Entropy Coding

Vicente González Ruiz - Departamento de Informática - UAL

March 21, 2025

1 What is entropy coding?
2 Why EC?
3 A classification of entropy encoders
4 Huffman Coding (HC)
5 Arithmetic Coding (AC)
6 zlib
7 Portable Network Graphics (PNG)
8 References

1 What is entropy coding?

Entropy Coding (EC) [4] encompasses a whole series of coding techniques that exploit the statistical redundancy in data with the ultimate goal of finding, without lossing information, a more compact representation. EC is related to the definition of entropy in the context of the Information Theory [6]. In this area, the entropy quantifies the average amount of information represented by a data set, so that the higher the entropy, the better the efficiency of such representation ( data).

2 Why EC?

All data (text, audio, image, video, etc.) compression techniques rely on EC to achieve an effective reduction of bits (of data). For example, JPEG uses a combination of Huffman Coding (see below) and Run-Length Encoding to represent the quantized DCT coefficients.

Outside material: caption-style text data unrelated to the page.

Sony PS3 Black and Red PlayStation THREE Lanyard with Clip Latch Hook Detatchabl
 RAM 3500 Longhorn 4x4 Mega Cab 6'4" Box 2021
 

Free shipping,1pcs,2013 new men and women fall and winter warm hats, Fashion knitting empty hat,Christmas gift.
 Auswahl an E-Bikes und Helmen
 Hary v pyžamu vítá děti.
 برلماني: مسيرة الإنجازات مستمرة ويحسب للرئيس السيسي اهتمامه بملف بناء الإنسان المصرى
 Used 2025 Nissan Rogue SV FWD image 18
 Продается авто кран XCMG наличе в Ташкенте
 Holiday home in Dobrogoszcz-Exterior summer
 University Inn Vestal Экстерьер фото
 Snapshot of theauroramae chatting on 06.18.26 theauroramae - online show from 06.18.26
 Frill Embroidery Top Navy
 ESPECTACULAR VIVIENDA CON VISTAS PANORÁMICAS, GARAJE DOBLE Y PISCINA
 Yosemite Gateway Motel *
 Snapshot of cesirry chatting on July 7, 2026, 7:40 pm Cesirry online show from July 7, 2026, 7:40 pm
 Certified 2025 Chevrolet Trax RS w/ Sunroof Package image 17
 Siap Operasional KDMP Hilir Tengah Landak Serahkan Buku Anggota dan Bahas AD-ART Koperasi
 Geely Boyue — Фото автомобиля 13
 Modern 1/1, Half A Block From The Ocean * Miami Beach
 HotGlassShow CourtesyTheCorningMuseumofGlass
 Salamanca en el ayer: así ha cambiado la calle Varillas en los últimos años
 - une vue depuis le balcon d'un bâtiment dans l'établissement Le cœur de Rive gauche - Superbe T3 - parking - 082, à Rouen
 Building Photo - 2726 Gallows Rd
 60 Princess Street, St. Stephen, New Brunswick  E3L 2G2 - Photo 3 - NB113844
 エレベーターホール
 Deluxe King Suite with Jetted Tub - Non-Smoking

3 A classification of entropy encoders

General speaking, data are sequences of symbols. There are basically two types of entropy encoders depending on how the symbols are processed:

Symbol encoders: Those that process the sequence symbol by symbol. Examples of this type of algorithms are Huffman Coding [5] and Arithmetic Coding [2]. These encoders are also called “probabilistic encoders” because the number of bits of code assigned to a symbol \(s\) depends on the probability of the symbol, \(p(s)\). This probability is generated by a probabilistic model.
String encoders: Those that process the sequence by blocks of symbols (strings). Examples are Run-Length Encoding (RLE) [9] and all the dictionary-based text compressors, such as LZW [7].

4 Huffman Coding (HC)

A Huffman code [5, 1] is a prefix code that, for each code-word (a binary sequence), allows to “navigate” through the so called Huffman tree from the trunk to one of its leaves, without uncertainty. The Huffman tree satisfies that

\begin{equation} l(c(s)) = \lceil I(s)\rceil , \label {eq:huffman_performance} \end{equation}

where \(l(c(s))\) is the length of the (Huffman) code-word, usually in bits of data, assigned to the symbol \(s\), and \(I(s)\) is the amount of information represented by \(s\), measured bits of information [6].

Notice that the minimum number of bits that can be used for representing a symbol (using Huffman) is 1, which can be rather inefficient when the size of the alphabet is small.¹ Another drawback of HC is that the Huffman tree must be updated each time the probabilistic model is updated, action very frequent when using adaptive models.

Resources

To do

Create a new module named adaptive_Huffman.py that use a context-based adaptive probabilistic model [10] to be used in VCF, where the user can select the order of the model (how many previously encoded symbols use the model to generate the probability of the symbol that is going to be encoded), and HC is used as an entropy encoder. The run-time and the memory required should be as small as possible. 5 points.

5 Arithmetic Coding (AC)

In an arithmetic codec [2, 1], the number of bits of data that are used for representing symbols match exactly the number of bits of information provided by the symbols, i.e,

\begin{equation} l(c(s)) = I(s). \end{equation}

This also means that, even if the size of the alphabet is small, the coding performance of an arithmetic code is optimal, although this optimality is only fully satisfied if the number of symbols to encode is infinite. Notice also that, if the alphabet is large, the encoding performance difference between a Huffman code (or any other prefix code) and an arithmetic code, vanishes.

Resources

To do

Create a new module named arith.py that implement a static probabilistic model and Arithmetic Coding [10] to be used in VCF. 5 points.
Create a new module named adaptive_arith.py that use a context-based adaptive probabilistic model and Arithmetic Coding [10], where the user can select the order of the model. 5 points.

6 zlib

zlib is based on DEFLATE, which in turn is based on LZ77 [7, 1] and Huffman coding. Therefore, zlib exploits the repetition of symbols and also, the 0-order statistical redundancy². One of the main advantages of zlib is that is quite fast compared to symbol encoders such as HC and AC.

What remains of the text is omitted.